An average days work for an average days pay. We went through the good old gestures of 826 with precision and accuracy. We had become pros, it was our duty to know the ropes in and out in addition to adding that small little thing that made things go from good to great. Things like keeping things organized as our co-workers, making copies of the text as the other two guys simultaneously resize two artworks with precision cuts and clean lain tape. At a few points during that day we had to get creative and do some manual editing. What I mean by that is that some pages with border lines were printed on three hole paper and we had to remake those missing lines. Sounds easy but it was a lot more challenging than we had previously expected. At first we tried putting a blank piece of paper underneath it and drawing the lines in by hand but our marker was a little too fat. Then we tried putting a paper with lines already on it underneath and taping them together, but the problem was that the lined papers contents were visible through the holed paper. Finally we managed to find a blank slate paper with lines and managed to get them pretty much lined up.
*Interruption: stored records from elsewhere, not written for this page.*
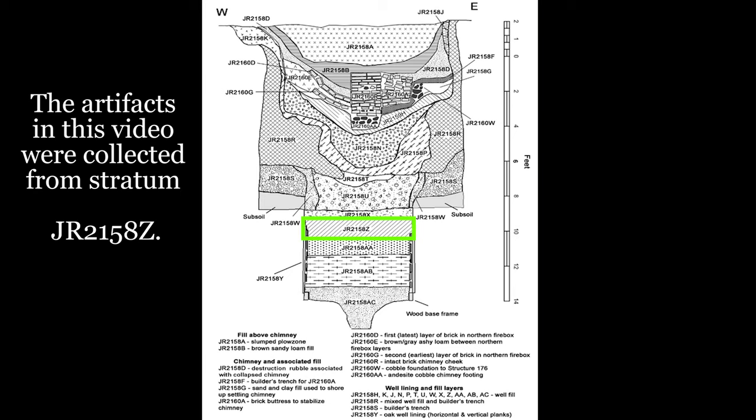Once the well had gone bad, it was just a big hole in the ground and became a trash pit. And as you might know, trash pits are archaeologists' greatest treasure. Lots and lots of artifacts got thrown into this well, including a lot of plant material. What we're looking for with the plant material is probably things the colonists were eating, but also things that may have accidentally fallen in that could give us a picture of what Jamestown's environment looked like between 1611 and 1616.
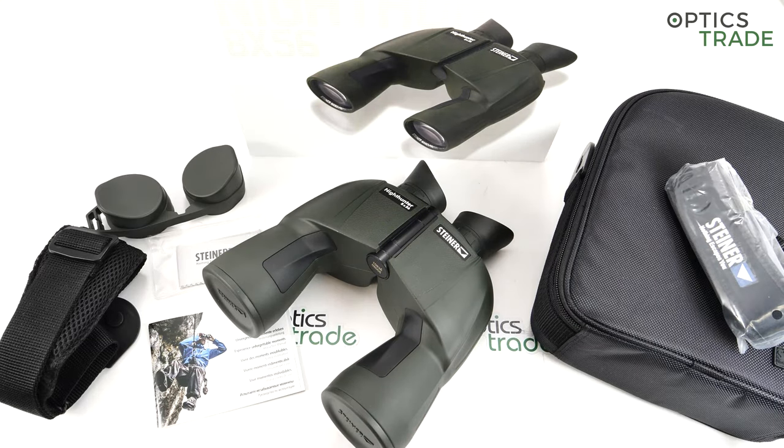Hello and welcome to this video review. Today I'm going to talk about Steiner Nighthunter binoculars 8x56. At the moment these are the latest iteration of the Nighthunter series. They came out in 2018 and were first shown at IWA 2018.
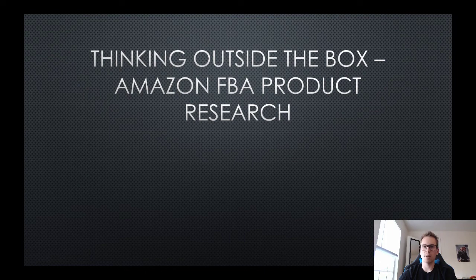Welcome back to another Amazon FBA video. Today we're talking about product research strategies - I'm titling this 'thinking outside the box' when it comes to Amazon product research. You can't just be doing the same thing everyone else is doing, going on Amazon finding a product, opening up Jungle Scout and sifting through data, because if you're doing the main methods you're seeing what everyone else is seeing, and a hundred other people may have found the same thing.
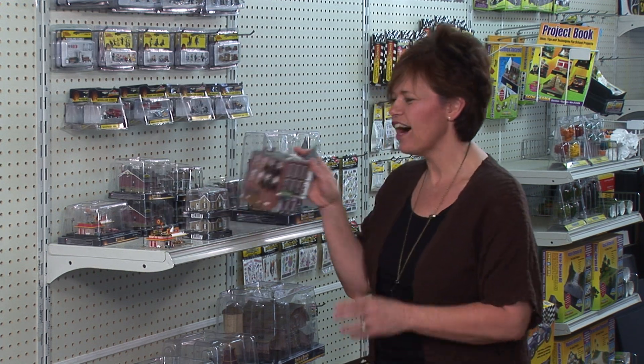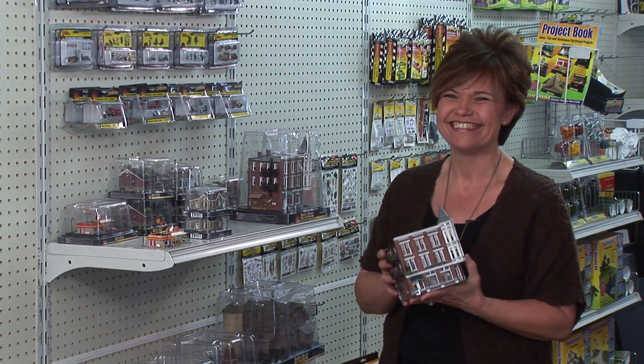Street accessories and pedestrians are new for the HO scale scenic line. Oh, crap! O scale, O scale, O scale!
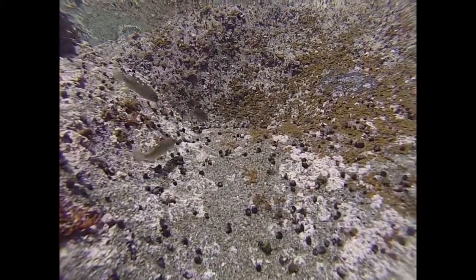Now get that RV to a rocky beach destination and find some great tide pools.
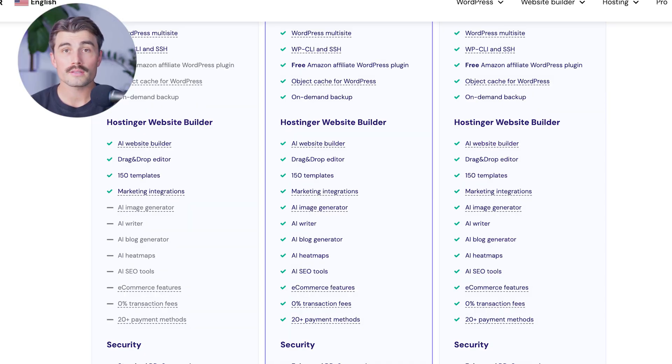Each Hostinger plan comes with additional benefits like AI tools for website creation, marketing integrations, AI copywriting, AI heat maps, AI SEO tools, and e-commerce features with 0% transaction fees. When comparing pricing and features, it's clear that Hostinger offers more affordable plans with a comprehensive set of features that includes hosting, making it a very cost-effective choice. Wix, while slightly more expensive, provides extensive customization options, a wide range of templates, and advanced marketing and e-commerce tools that might be beneficial for users looking for a more integrated and polished platform.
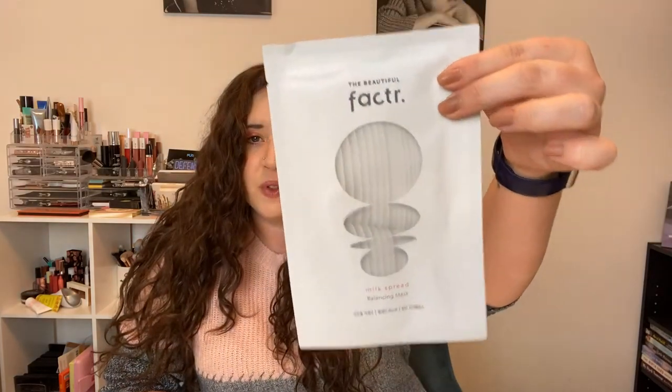Next is the Factor Milk Spread Balancing Mask. It's a balancing milk spread mask that balances your skin core for healthy skincare — natural microfiber, all-day mask, solid core balance. I don't think I've tried anything with milk spread before. Why we love it: the sheet mask is a soft microfiber that adheres to the skin really well — it feels like the perfect little hug for your face. It's super cooling and comforting, helps brighten skin, and leaves a dewy, plump complexion. Recommended at night to help rejuvenate and repair your skin.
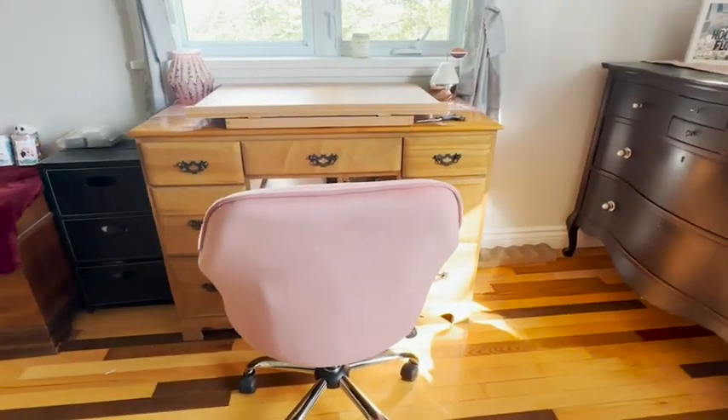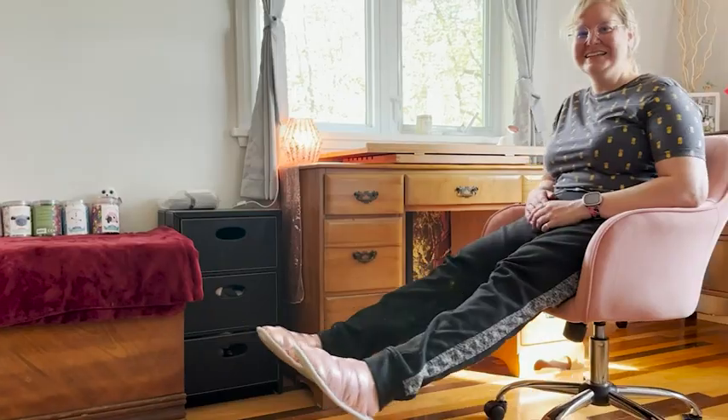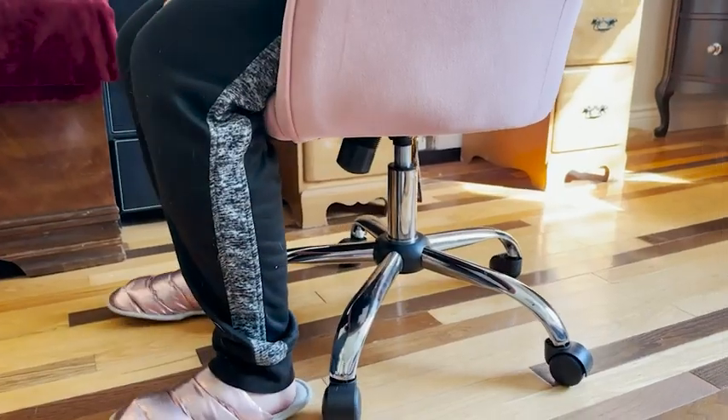Not only is the color of this chair perfect for the theme of my room in the pink colors, but I love that the chair is very easy to adjust up and down and that it rolls so smoothly. I love this office chair and how comfy it is. If you're looking for an office chair, you should definitely check this one out — but that's my point of view.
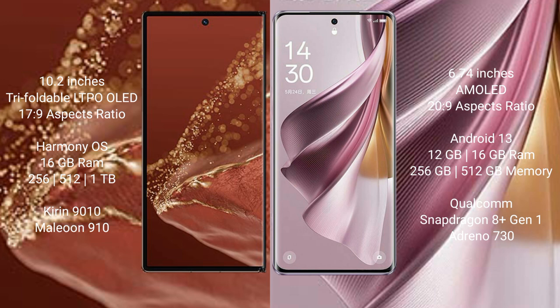The Huawei Mate XT Ultimate runs on the HarmonyOS operating system, while the Oppo Reno 10 Pro Plus runs on Android 13.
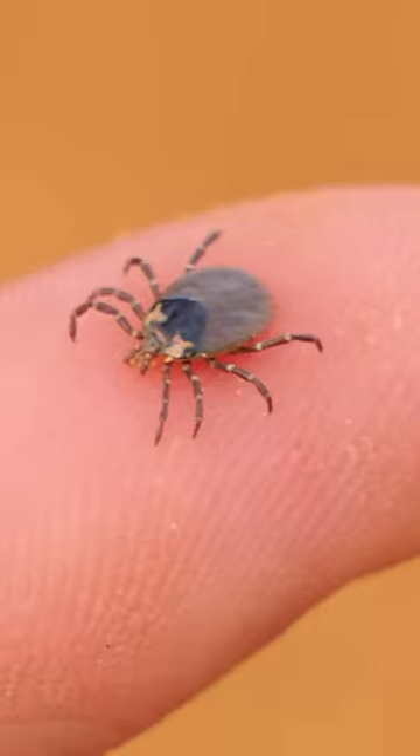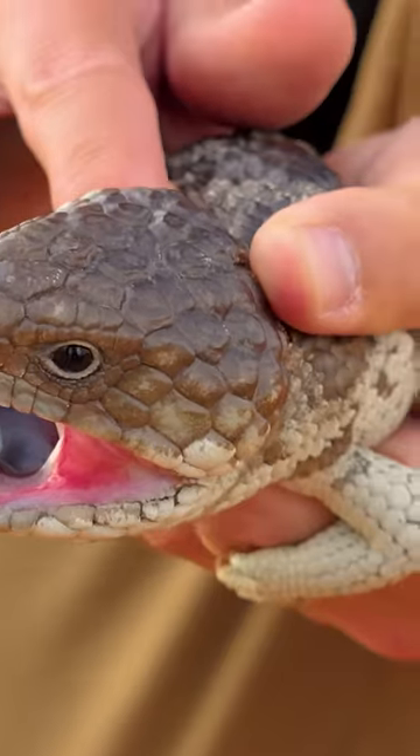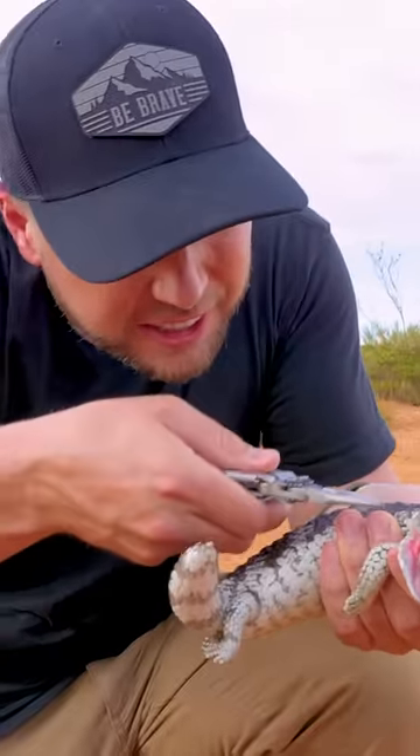Got him. Oh no. There's more. They are all stuffed in his ear. How did you get so many ticks inside your ear?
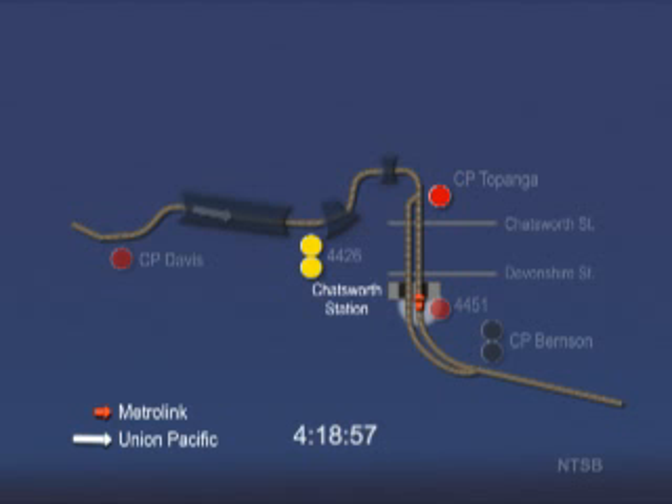By this time, the engineer has reduced the train speed to about 48 miles per hour. The Metrolink train stops at Chatsworth station for about 57 seconds, allowing passengers to exit and board the train.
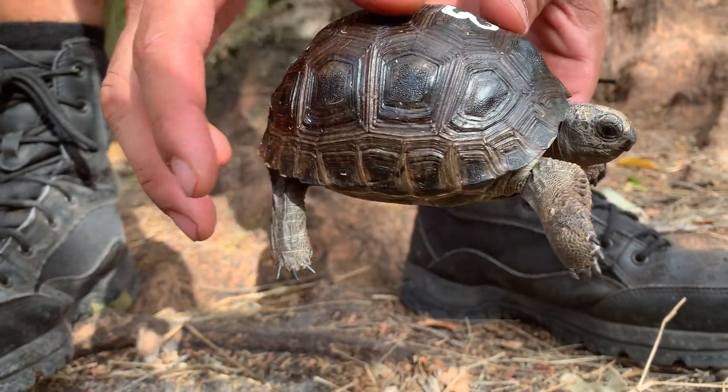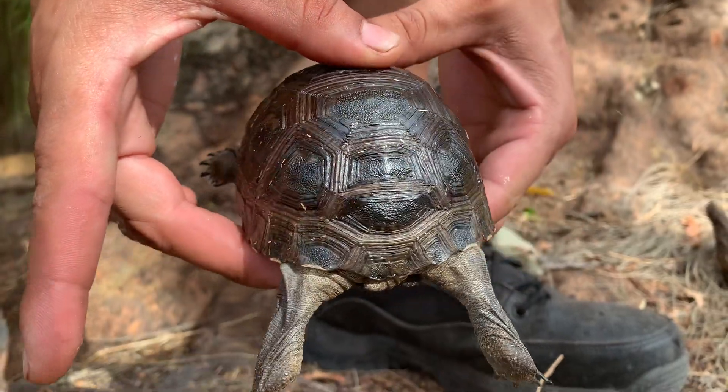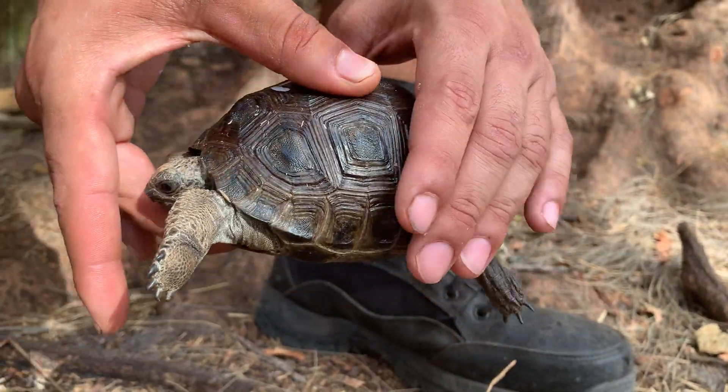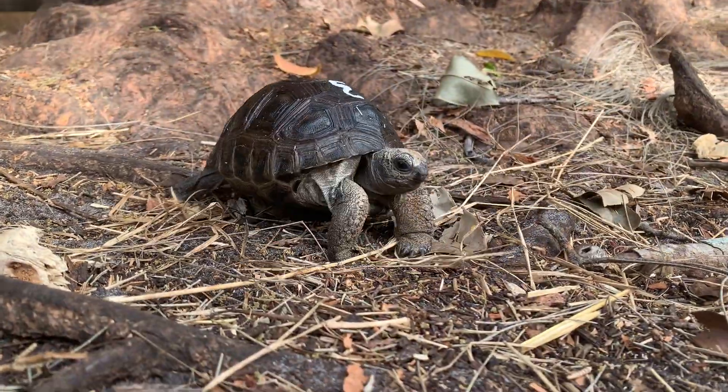Number three, double scute. This is a four and a half inch animal, and another nice-looking animal. There's your double scute right back there. This guy's got some brown in his shell still. Number three, double scute — go on, walkabout.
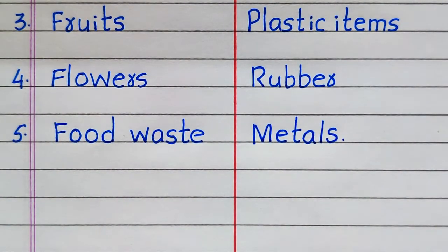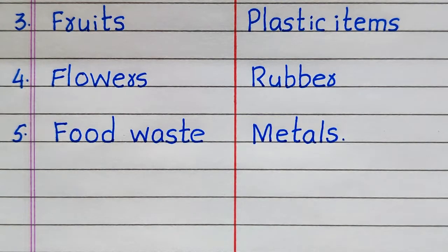The third example of a biodegradable thing is fruits, fourth, flowers, fifth, food waste. The third example of a non-biodegradable thing is plastic items, fourth, rubber, fifth, metals.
After that fiasco the rest ticked by like clock work. I got paired with some fiesty kids during the afternoon who proceeded to insult me as I tried to help them with their homework. All in a days work I said to myself and continued on with my work. Unfortunatly I finished off the day with a crying child getting her way despite my good intentions. Eduardo and I were working with a girl who was in first grade and she did not want to do her homework. Because of the recent mini heat wave 826 was bringing kids to the park in small groups. There were two groups and the girl wanted to go very badly. She wanted even less to do her homework and the antics pursued. We wanted her to do three pages of the six that were do Friday and she only wanted to do one. We bargained to two but she refused and we went on like this for what may have been half an hour. Jory, our mentor, proceeded to come over when the second group was about to leave for the park and grant our little pumpkin's wish! He whisked her away to the park without her having done a single drop of homework after she turned on the water works. I left that afternoon with a bad taste in my mouth and a vow to never compromise, not even in the face of armageddon.